What you have to do
Could you retype the lines below, starting at the line holding "First Learning 7" and stopping at the line holding "Traueranzeige von Doris", inclusive? Copy them exactly and drop the images.

Records to process
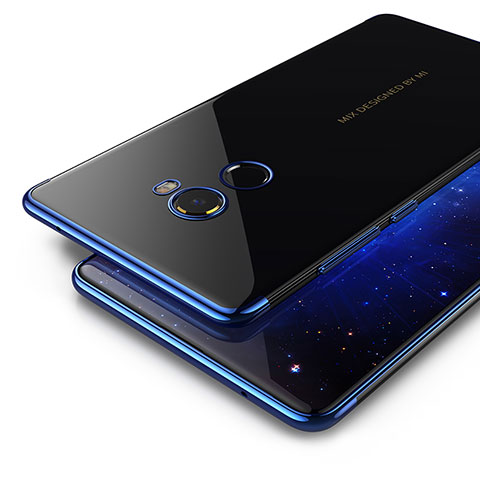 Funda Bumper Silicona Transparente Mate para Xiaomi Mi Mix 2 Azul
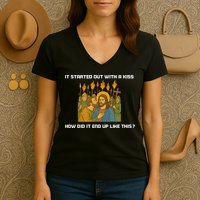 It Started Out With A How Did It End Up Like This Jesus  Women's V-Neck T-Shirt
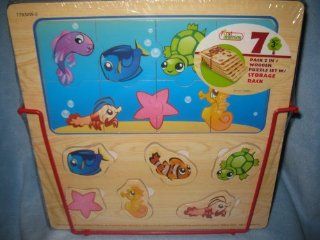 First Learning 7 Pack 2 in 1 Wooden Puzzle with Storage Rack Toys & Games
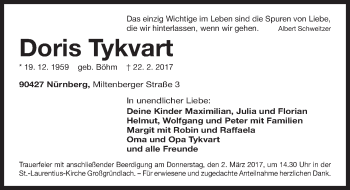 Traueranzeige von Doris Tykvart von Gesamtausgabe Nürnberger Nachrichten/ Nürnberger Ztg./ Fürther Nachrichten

* * *

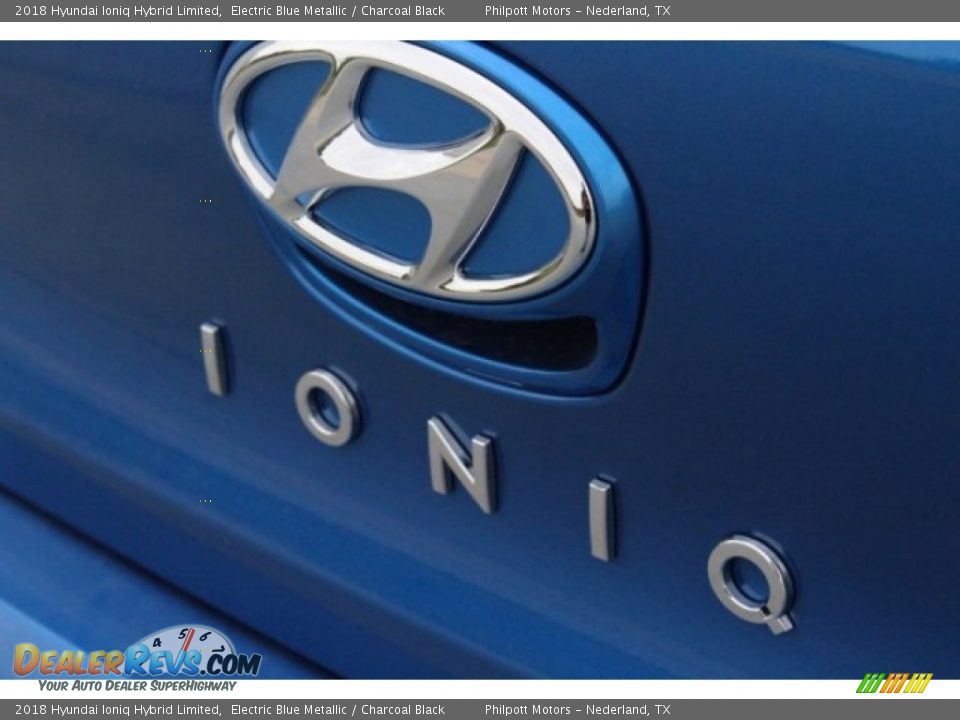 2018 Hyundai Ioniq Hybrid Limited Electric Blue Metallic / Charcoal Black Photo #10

--

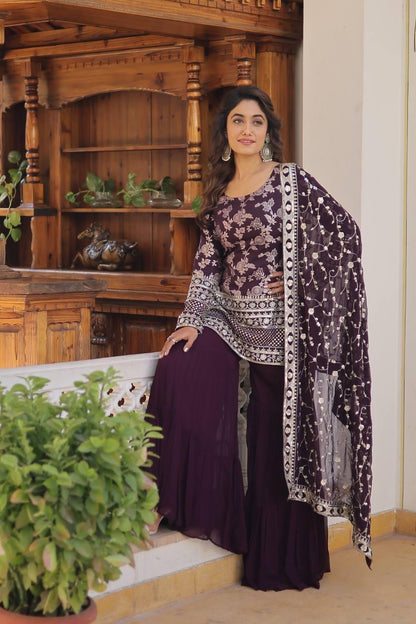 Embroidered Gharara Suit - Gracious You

Your response
 First Learning 7 Pack 2 in 1 Wooden Puzzle with Storage Rack Toys & Games
 Traueranzeige von Doris Tykvart von Gesamtausgabe Nürnberger Nachrichten/ Nürnberger Ztg./ Fürther Nachrichten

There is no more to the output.